Despite the widely-held consensus that the telemedicine law creates an unfortunate drag on innovation, health professionals claim that the law should be kept, saying that the telemedicine system would only benefit well-known hospitals, as people opting for the services would only ask for care from names they recognize.

Opponents of virtual diagnosis and treatment also want to know who would be responsible for medical failures: the doctors or the maker of the device.

InterMD, a local health care professional community, found that 61.4 percent of doctors have a negative view regarding telemedicine from a poll of 507 doctors in June.

The government, however, has tiptoed towards the more active use of technology in medical services so that the potential harm and potential benefits can be gauged.

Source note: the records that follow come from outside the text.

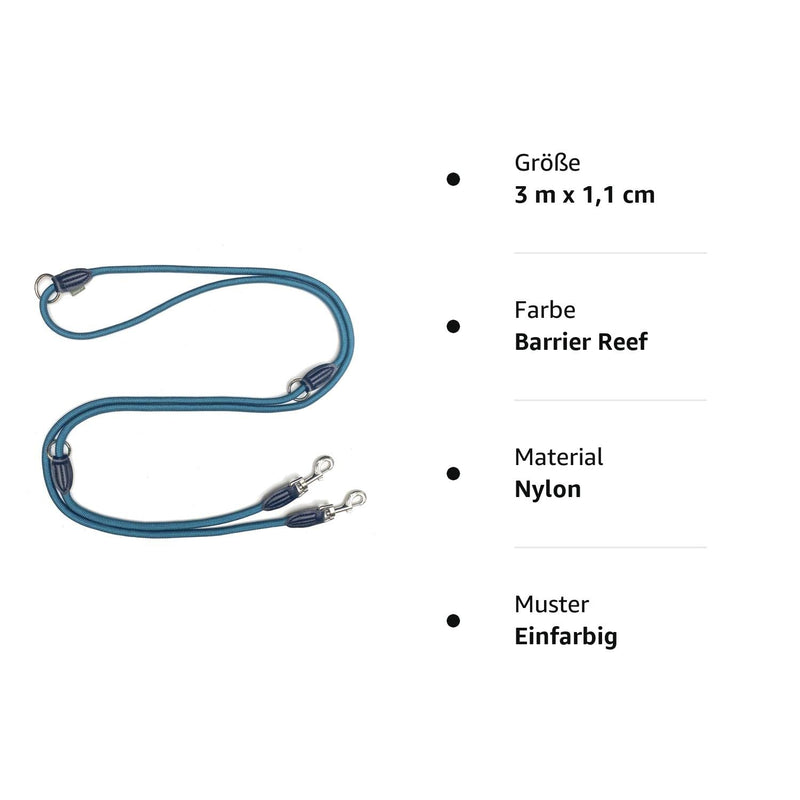 Quiet green dog leash 3m adjustable for large & medium dogs | Paracord leash | Nylon double leash with 2 carabiners | 3 meters long | Model Derby | Petrol Blue Barrier Reef 3 m x 1.1 cm - PawsPlanet Australia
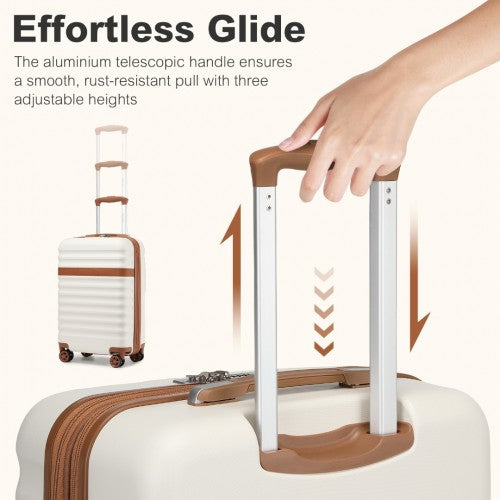 KSK2484 - Kono 20 Inch Stylish Lightweight Hard Shell ABS+PC Cabin Carry-On Suitcase with TSA Lock for Enhanced Security - Cream and Brown | Neil's Luggage Store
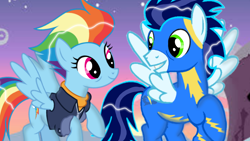 Size: 1280x720 | Tagged: safe, artist:mlplary6, rainbow dash, soarin', pegasus, pony, g4, the last problem, clothes, female, flying, grin, looking at each other, male, mare, older, older rainbow dash, older soarin', older soarindash, ship:soarindash, shipping, smiling, smiling at each other, spread wings, stallion, straight, uniform, wings, wonderbolts uniform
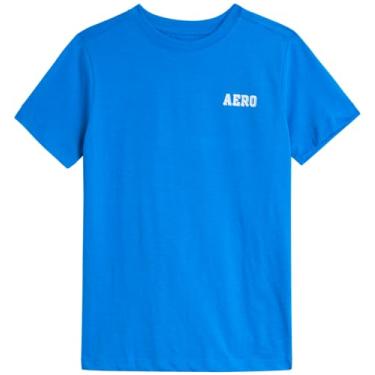 Imagem de AEROPOSTALE Camiseta para meninos - Camiseta infantil de algodão de manga curta - Camiseta clássica com gola redonda estampada para meninos (4-16), Azul francês, 8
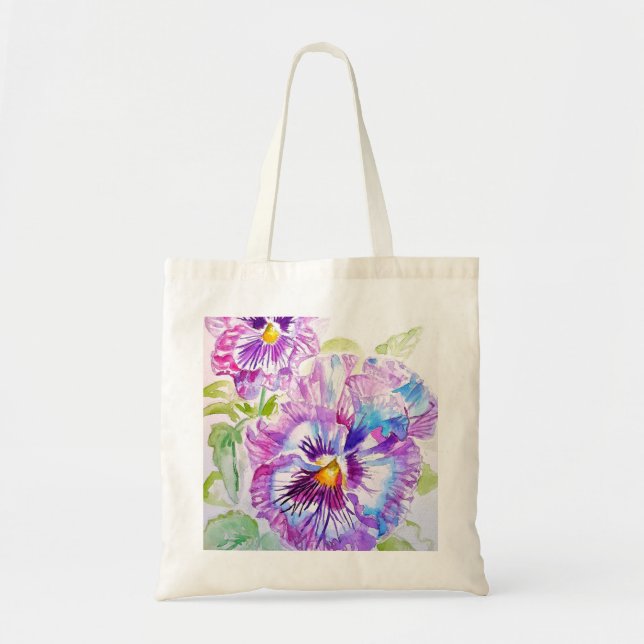 Stilla viol Viol Purpur Färgrik vattenfärg blomma Tygkasse (Framsidan)
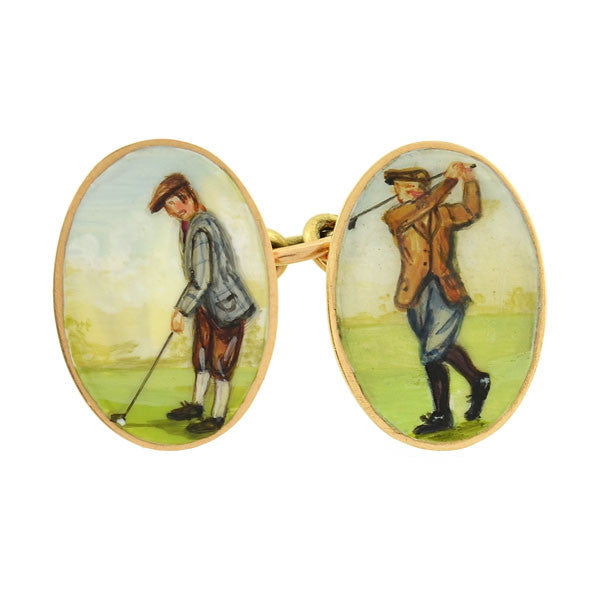 Victorian 15kt Enameled Golf Motif Double-Sided Cufflinks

The Ministry of Health and Welfare designated Gangwon as a regulation-free zone for telemedicine earlier this year, while the Ministry of Science and ICT picked Huinno, a medical start-up, to be in a regulatory sandbox.



Untapped big data

A strong data protection law also gets in the way of developing advanced diagnostics systems.

Under Korea’s information privacy laws, personal information, including data that has been de-identified, can only be used with user consent.

Public health entities, such as the National Health Insurance Institution, have collected vast quantities of medical data, but the information can’t be shared with third parties or private medical companies.

The government did introduce a guideline aimed at allowing companies to utilize de-identified medical information, but the guideline was not legally binding and offered only an imprecise definition of de-identification.

“Although there is the guideline, many start-ups perceive it as having many loopholes and feel uncomfortable using de-identified data if the use might lead into legal problems,” said a CEO of a start-up that makes AI-based health care solutions who spoke on the condition of anonymity.

Industry insiders believe that such rules might discourage companies from cooperating or launching joint projects.

“Korea has a well-established system for electronic medical records, but the cross?use of medical information is few and far between due to the tough data protection law,” said a source at a health care data platform start-up.



Lagging behind the race

While Korea struggles to stay relevant with the evolving developments of high-tech in the medical sector, the United States and some countries in Europe have become home to leading innovative health care start-ups.

The United States holds a dominant position in telemedicine after various acts and bills were introduced in the 1990s to legalize virtual medicine. Now, the majority of the states allow for telemedicine.

According to a Deloitte 2018 Survey of US Physicians, 23 percent of the respondents have had some experience with telemedicine.

The U.S. government also took steps to simplify the certification process for health care start-ups.

The Food and Drug Administration (FDA) introduced its Digital Health Software (Pre-Cert) Program to shorten the procedure and take a more tailored approach towards companies applying.

Choi Yoon-sup, managing partner at Digital Healthcare Partners, a health care start-up nurturing institution, noted that the fundamental problem lies in the broader approach in the regulatory framework.

“The government failed to facilitate innovation,” Choi said, “Rather, it gets in the way of it.”

“In advanced countries like the United States, companies can do anything except for practices banned under the law, while in Korea they can do only what the law allows for and are banned from venturing into anything beyond that.”